• **BRIEF**: Could you restate the entries below word for word and leave the images out?

[Captioned web image data]
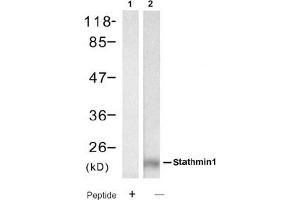 Image no. 2 for anti-Stathmin 1 (STMN1) (Ser62) antibody (ABIN319391) (Stathmin 1 Antikörper  (Ser62))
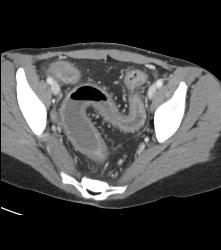 Cirrhosis With Varices and Ulcerative Colitis - CTisus CT Scan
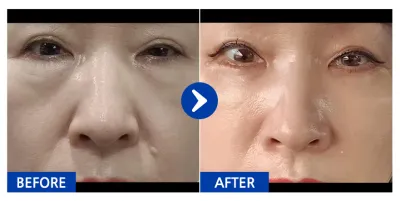 [カンナムオンニ] 下眼瞼 + 脂肪移植 / 1ヶ月目 / ニックネーム：サンスヒャン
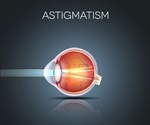 Astigmatism Types - Regular and Irregular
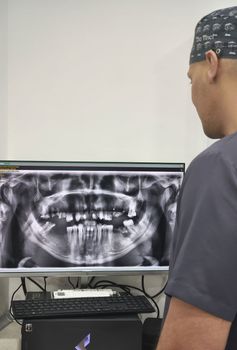 Un hombre con barba se ríe con la boca abierta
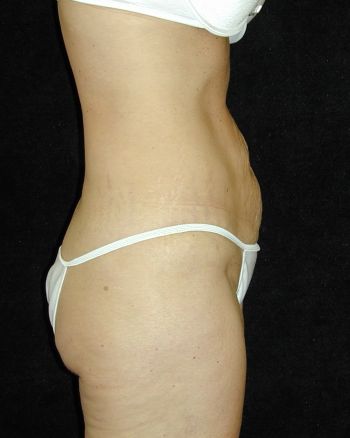 Tummy Tuck Surgery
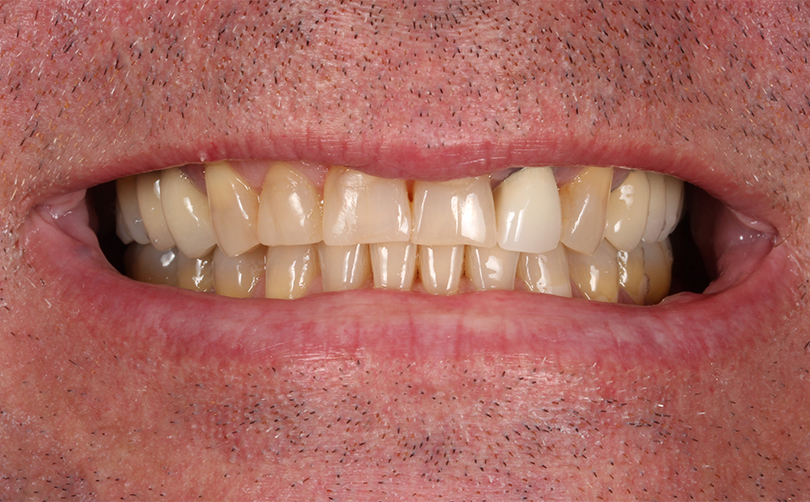 Before - Aventis dental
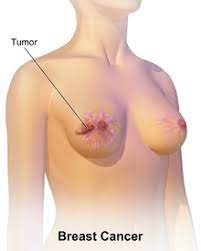 Breast cancer — comprehensive overview covers prevention, symptoms, diagnosis doctors know that breast cancer occurs when some breast cells begin to grow abnormally. Breast Cancer Wikipedia
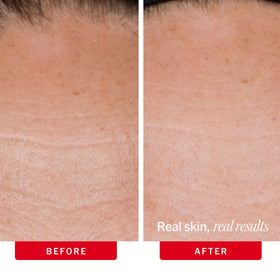 First Aid Beauty open jar top view revealing creamy consistency for easy scooping and layering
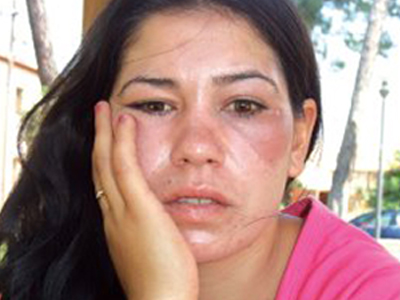 Ξυλοφόρτωνε τη μάνα των παιδιών του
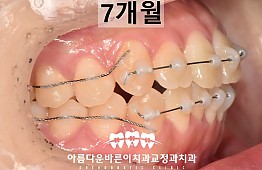 수술후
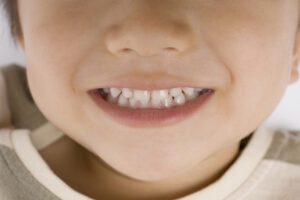 福岡市城南区のいしばし歯科小児矯正歯科クリニック　お子さんのペース合わせた治療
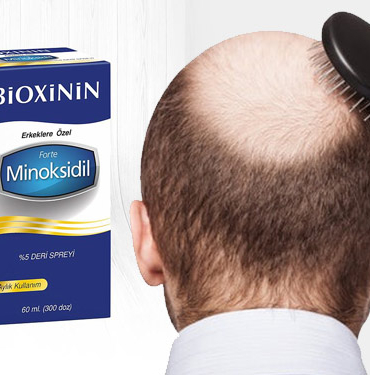 minoksidil-nedir-sprey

• **ANSWER SECTION**:
 Image no. 2 for anti-Stathmin 1 (STMN1) (Ser62) antibody (ABIN319391) (Stathmin 1 Antikörper  (Ser62))
 Cirrhosis With Varices and Ulcerative Colitis - CTisus CT Scan
 [カンナムオンニ] 下眼瞼 + 脂肪移植 / 1ヶ月目 / ニックネーム：サンスヒャン
 Astigmatism Types - Regular and Irregular
 Un hombre con barba se ríe con la boca abierta
 Tummy Tuck Surgery
 Before - Aventis dental
 Breast cancer — comprehensive overview covers prevention, symptoms, diagnosis doctors know that breast cancer occurs when some breast cells begin to grow abnormally. Breast Cancer Wikipedia
 First Aid Beauty open jar top view revealing creamy consistency for easy scooping and layering
 Ξυλοφόρτωνε τη μάνα των παιδιών του
 수술후
 福岡市城南区のいしばし歯科小児矯正歯科クリニック　お子さんのペース合わせた治療
 minoksidil-nedir-sprey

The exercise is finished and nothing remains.